» What to work on:
Output, word for word, the lines of this listing that fall between the line with "Welcome to chat" and the line with "I have a Goodman", counting both of those lines, and no others.

» Information provided:
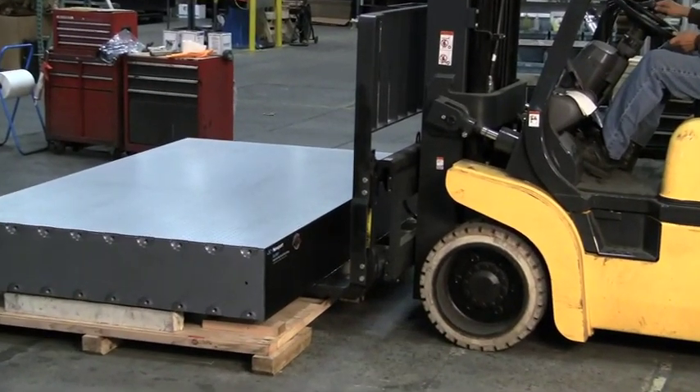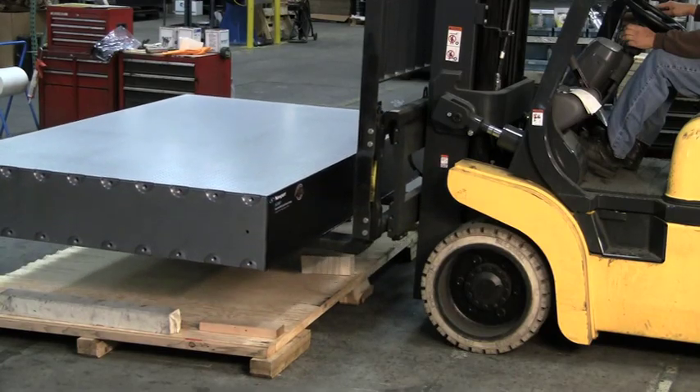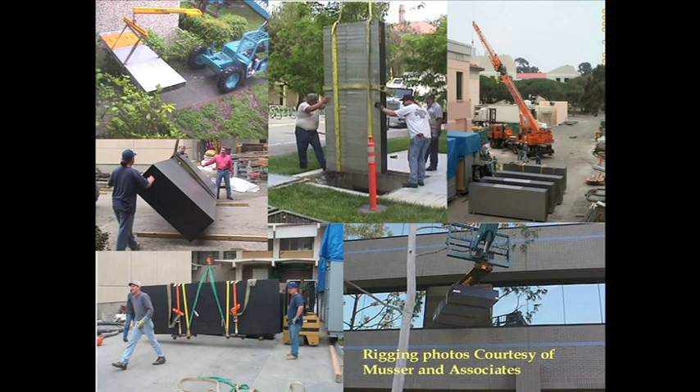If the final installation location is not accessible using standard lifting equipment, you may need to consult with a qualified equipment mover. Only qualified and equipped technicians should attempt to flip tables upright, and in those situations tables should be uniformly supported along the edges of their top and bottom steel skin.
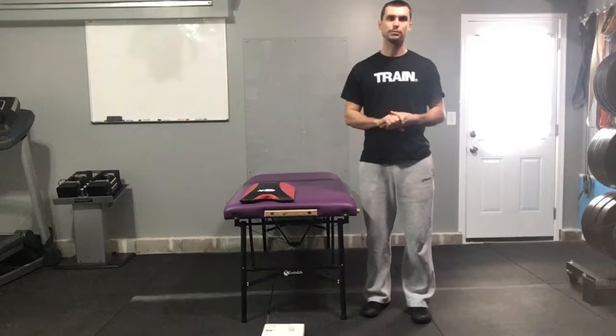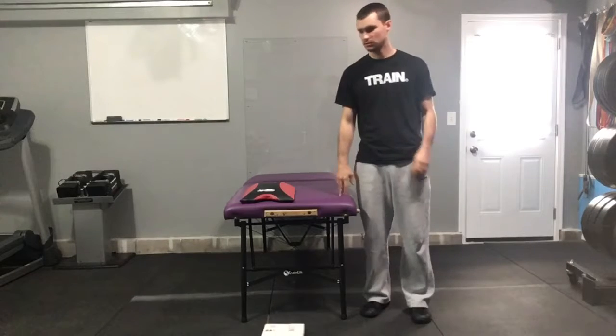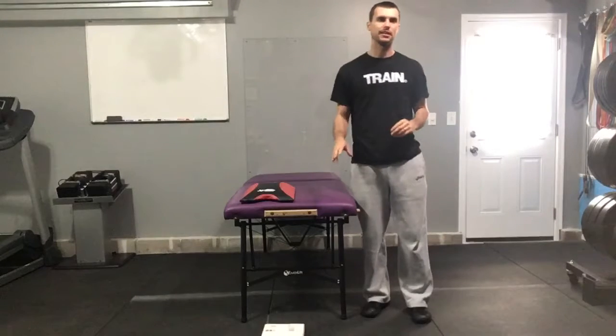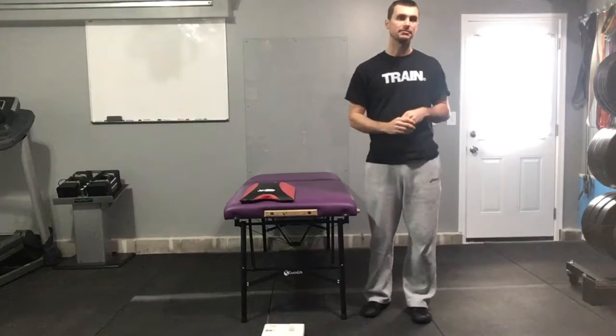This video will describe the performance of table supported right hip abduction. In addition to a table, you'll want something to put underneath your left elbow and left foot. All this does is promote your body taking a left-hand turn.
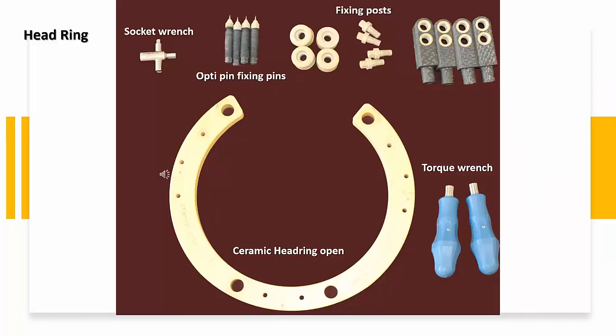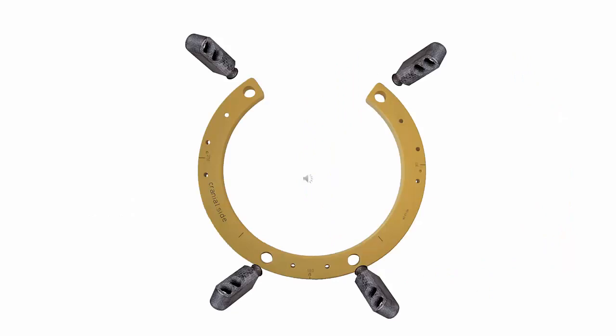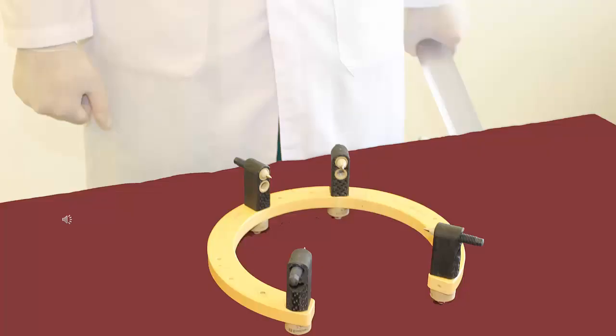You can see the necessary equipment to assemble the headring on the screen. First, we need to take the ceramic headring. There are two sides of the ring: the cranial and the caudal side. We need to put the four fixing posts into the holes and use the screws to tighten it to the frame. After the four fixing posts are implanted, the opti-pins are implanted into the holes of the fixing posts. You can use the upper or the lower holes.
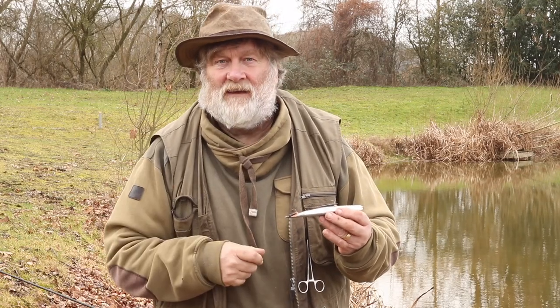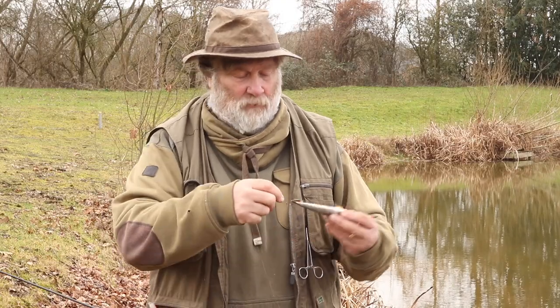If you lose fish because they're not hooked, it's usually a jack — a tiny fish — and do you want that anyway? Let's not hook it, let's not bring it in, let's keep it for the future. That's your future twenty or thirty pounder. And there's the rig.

...

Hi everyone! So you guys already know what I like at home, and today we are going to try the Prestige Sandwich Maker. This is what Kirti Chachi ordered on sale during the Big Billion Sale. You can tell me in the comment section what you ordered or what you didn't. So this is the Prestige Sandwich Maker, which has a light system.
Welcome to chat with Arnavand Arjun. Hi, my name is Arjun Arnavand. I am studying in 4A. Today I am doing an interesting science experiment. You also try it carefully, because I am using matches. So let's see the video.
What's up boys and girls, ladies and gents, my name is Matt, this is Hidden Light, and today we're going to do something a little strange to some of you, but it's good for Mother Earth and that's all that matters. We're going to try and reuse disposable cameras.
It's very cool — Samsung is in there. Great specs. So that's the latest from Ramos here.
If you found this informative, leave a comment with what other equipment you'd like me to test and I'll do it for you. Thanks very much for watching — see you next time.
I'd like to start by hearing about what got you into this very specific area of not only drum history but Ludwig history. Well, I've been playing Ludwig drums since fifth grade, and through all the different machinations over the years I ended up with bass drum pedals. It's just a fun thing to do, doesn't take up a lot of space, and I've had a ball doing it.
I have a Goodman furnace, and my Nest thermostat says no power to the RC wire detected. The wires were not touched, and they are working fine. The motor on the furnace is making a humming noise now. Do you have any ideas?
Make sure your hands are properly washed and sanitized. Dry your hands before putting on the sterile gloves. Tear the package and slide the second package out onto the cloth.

---

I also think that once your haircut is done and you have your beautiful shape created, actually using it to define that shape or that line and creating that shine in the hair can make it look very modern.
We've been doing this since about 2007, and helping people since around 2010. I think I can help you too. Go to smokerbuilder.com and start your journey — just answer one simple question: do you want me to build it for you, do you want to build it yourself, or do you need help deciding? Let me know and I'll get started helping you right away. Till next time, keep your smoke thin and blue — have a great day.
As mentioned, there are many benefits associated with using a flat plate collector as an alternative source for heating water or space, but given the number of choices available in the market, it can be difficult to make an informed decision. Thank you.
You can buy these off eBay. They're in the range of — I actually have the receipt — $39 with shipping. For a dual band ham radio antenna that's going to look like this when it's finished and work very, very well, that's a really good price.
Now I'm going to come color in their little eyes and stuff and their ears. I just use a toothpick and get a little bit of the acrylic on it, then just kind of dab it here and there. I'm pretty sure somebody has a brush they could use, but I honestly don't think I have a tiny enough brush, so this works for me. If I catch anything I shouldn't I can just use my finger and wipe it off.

» The completed task:
Welcome to chat with Arnavand Arjun. Hi, my name is Arjun Arnavand. I am studying in 4A. Today I am doing an interesting science experiment. You also try it carefully, because I am using matches. So let's see the video.
What's up boys and girls, ladies and gents, my name is Matt, this is Hidden Light, and today we're going to do something a little strange to some of you, but it's good for Mother Earth and that's all that matters. We're going to try and reuse disposable cameras.
It's very cool — Samsung is in there. Great specs. So that's the latest from Ramos here.
If you found this informative, leave a comment with what other equipment you'd like me to test and I'll do it for you. Thanks very much for watching — see you next time.
I'd like to start by hearing about what got you into this very specific area of not only drum history but Ludwig history. Well, I've been playing Ludwig drums since fifth grade, and through all the different machinations over the years I ended up with bass drum pedals. It's just a fun thing to do, doesn't take up a lot of space, and I've had a ball doing it.
I have a Goodman furnace, and my Nest thermostat says no power to the RC wire detected. The wires were not touched, and they are working fine. The motor on the furnace is making a humming noise now. Do you have any ideas?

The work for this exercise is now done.